Figures and facts
Oct 28, 2013
Anyone working on the topic of Data and Big Data is fully convinced that technologies are mature enough to tackle the main issues about the principle of the 3V (Volume, Variety, Velocity). But reality is here to bring us down! The idea of this post has risen reading a recent article on the unemployment figures announced by the French government.
The facts:
- On September 25, the French government announced a decrease in the unemployment rate of more than 100 000 unemployed in one month.
- This announcement was analyzed and completely challenged in regard to the incredibly high number of ‘unsubscribers’.
- At the end of the day a new announcement indicates that there had been a problem in the figures.
The subject is neither to initiate a political debate nor to point out the different responsibilities. I am much more interested on what this event highlights and what kind of questions lays behind.
As usual, this error is a combination of multiple and disconnected issues, mostly three of them are worth being presented here:
- Bug on a rather small volume of Information compared to the total amount of information treated (for example around 180 000 messages lost on a global SMS platform processing several million of messages).
- Lack of interoperability between the different IT systems that did not make it possible to integrate the different data flows and check the data quality.
- No accurate model to evaluate and calculate the results of the operation and that could identify a global issue (we are not talking about 5 or 10% margin of error but almost 50 %).

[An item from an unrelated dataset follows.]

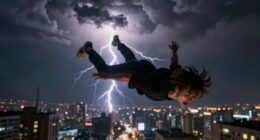 fear of losing control
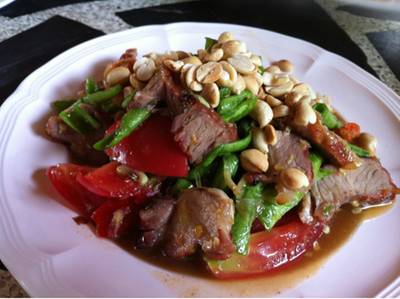 ร้านอาหาร ตกครก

We do know that 69 % of deciders are not comfortable with KPI’s and information on which they base their decisions (IBM source). This event makes it clear. The issue is people are required to promote information and numbers, even if they do not know they are right or not.

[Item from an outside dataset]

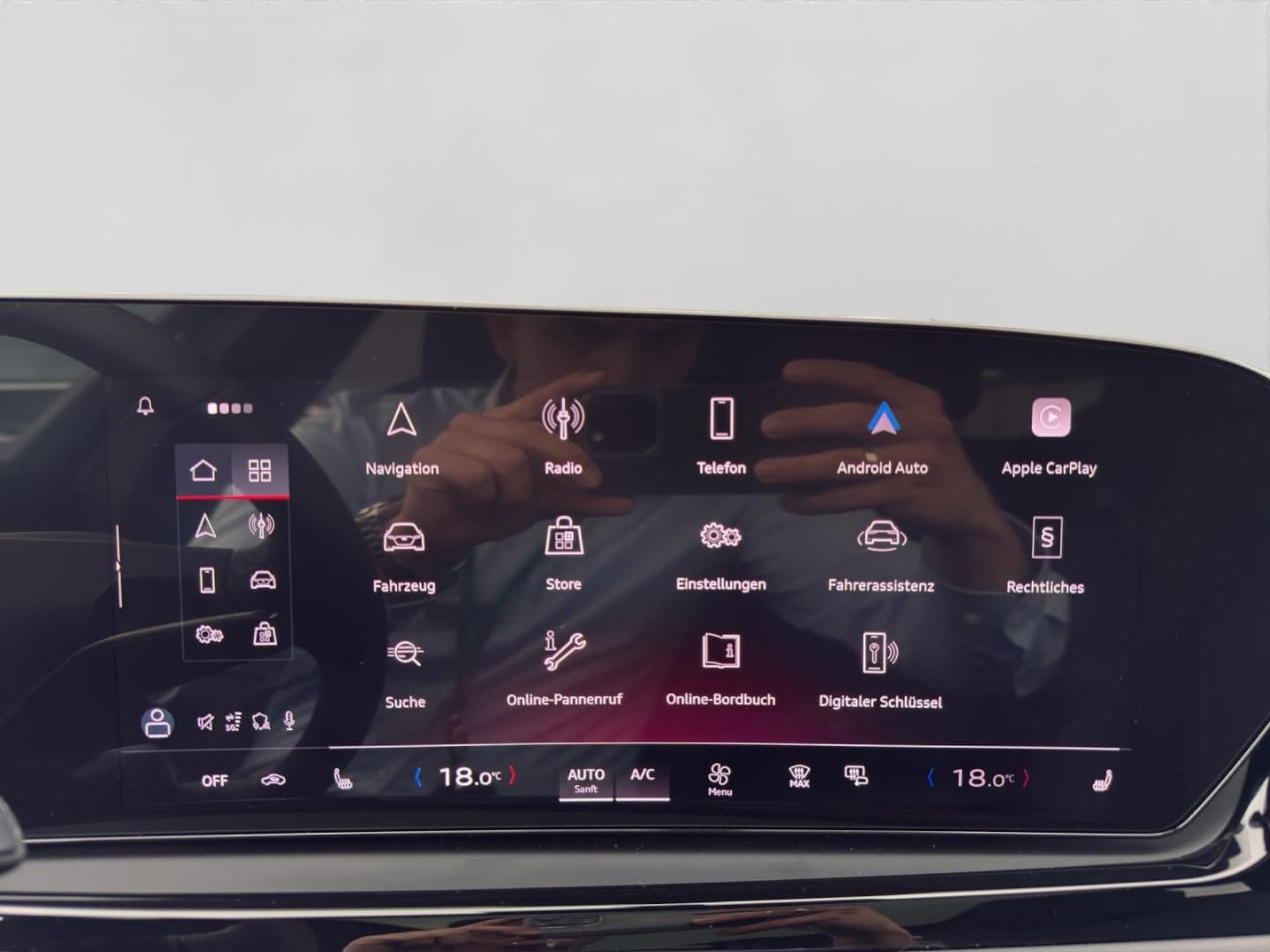 Audi A6 Avant edition one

The second point is: “OK, I am not sure of the absolute numbers but what about the trends?” The answer is again: I do not know how to qualify the trends and be predictive.
The reality is that answering these questions is not easy at all. So what to do?

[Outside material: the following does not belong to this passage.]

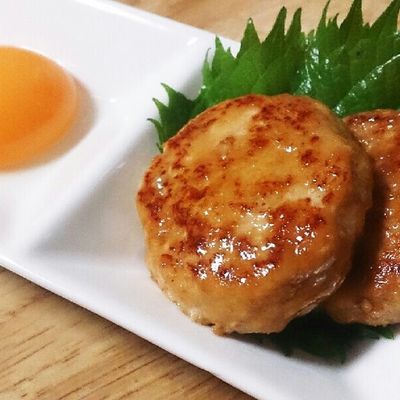 ♥甘辛つくね♥豆腐で節約＆ふわふわ by ◇ゆーこ◇ 【クックパッド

- Define or redefine the business process, taking into account the information generated and calculated by other Information System and making it possible to check that this will no generate errors within the whole process, and align IT capabilities permanently around critical data.
- Rework the Data model and data mining contents in order to create a more predictable model rather than one only based on past events.
- Last but not least, install a real Data Life Cycle Management or Data governance policy in order to anticipate and become a data driven organization.